Skip to the content.

Project overview

My project “Neural QA Model for DBpedia” has an end term goal of helping normal users (non-dev) explore the huge knowledge graphs at DBpedia by putting in questions in thier native laguage (English as of now). Ahh, but is answering a question such a big deal for a project? Kindoff yes.

Accessing these huge knowledge graph is only possible using querys - specificlly SPARQL queries, now for a normal person writing a SPARQL query is too much to expect. Thus we come bridging the gap - Translating your Native language question to SPARQL query. Yes, a slightly inlined towards machine translation project.

Also this is the 4th year for the project to be selected in Google Summer of Code, the project has evolved very well over the period of time.
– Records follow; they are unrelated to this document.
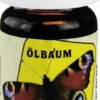 Wermutöl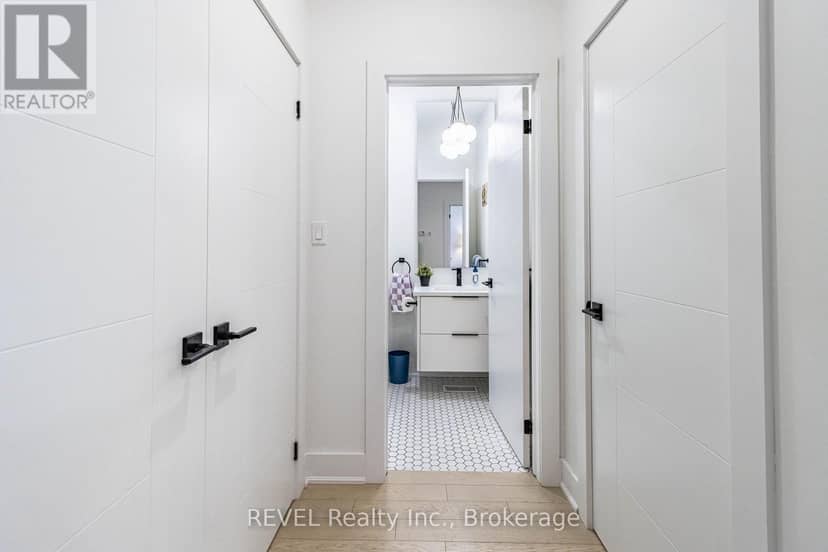 18 Princeton Common Street — photo 25 of 40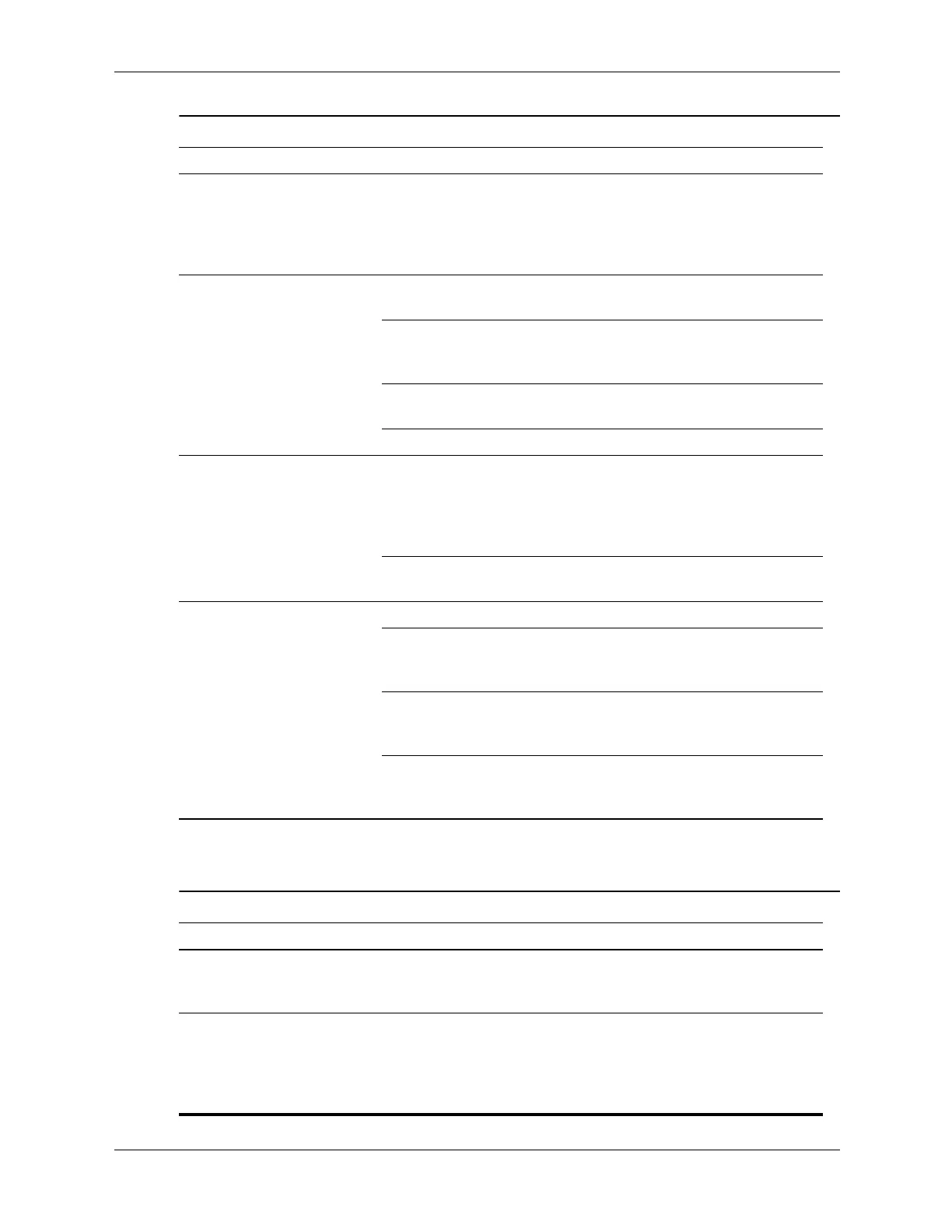 Page #94 background image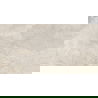 Mexen Margaret Smoke glazūruotos akmens masės plytelės rek. G1, grindų-sienų plytelės 120 x 60 cm, blizgios - TL167-120-060-04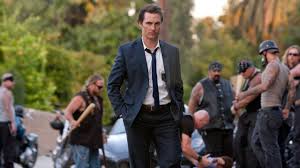 Netflix 2018 - Un café avec Clémentine (1)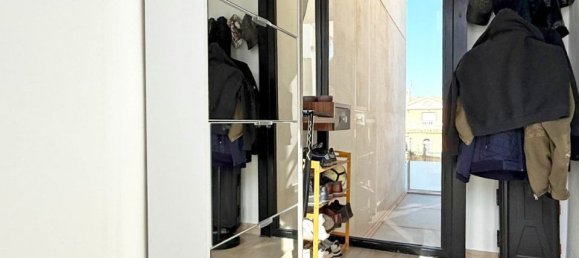 3 bedrooms Villa in Alicante, Spain No. 176592 44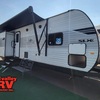 RV for Sale: 2025 JAY FLIGHT SLX 333BTS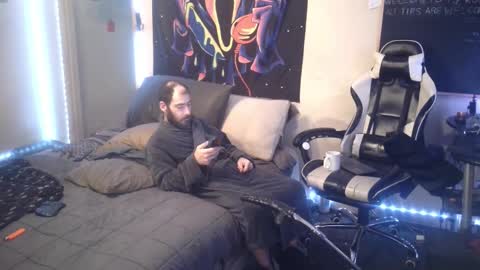 Snapshot of d0pey42o chatting on 12/16/24, 09:41 D0pey42O online show from 12/16/24, 09:41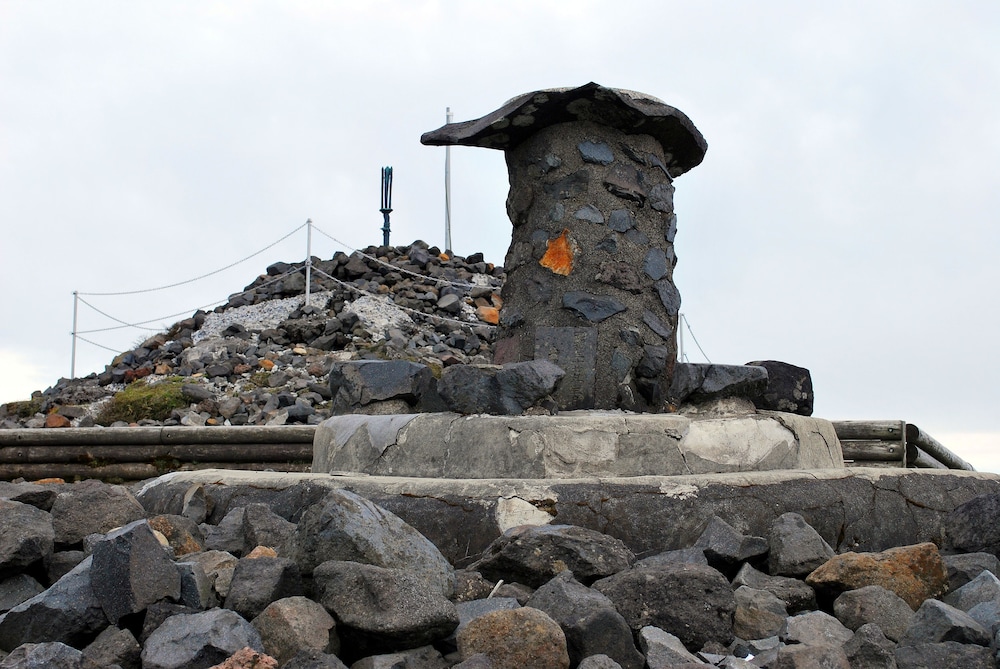 霧島国際ホテル 鹿児島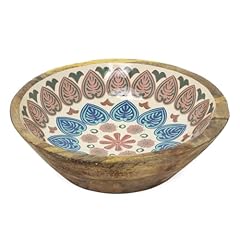 Carousel home meze for sale  Delivered anywhere in UK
Taking it further we intend to bring it few steps closer to perfect ;) That being said, I’ll be using two major datasets DBNQA and Lc-QuAD both as training and testing respectively.

Timeline

For the first 3 weeks (07/06/2021 - 27/06/2021) I shall be implementing “Syntax Aware Augmentation” as a resort of making the model robust to noise and extending the current state of dataset.

Syntax-Aware Augmentation | 07/06/2021 - 27/06/2021

TL;DR : For the code checkout -> repository.

This technique is being incorporated with the main motive of increasing the robustness and accuracy of NSpM, along with extending the existing DBNQA dataset via Augmentation.

Primarily focusing on three sub techniques:

Rather than using word frequency or random selection we have used Dependency tree depth as a hueristic clue. It is well known that the meaning of a sentenceis actually determined by only a few of importantwords. Thus modifying those syntactically and semantically more important words may alter the sentence more radically.We abstain from choosing too important words. To meet such requirements, we need to find a heuristic clue to measure how much important a word is, and then determine selecting probability to alter the corresponding word for data augmentation.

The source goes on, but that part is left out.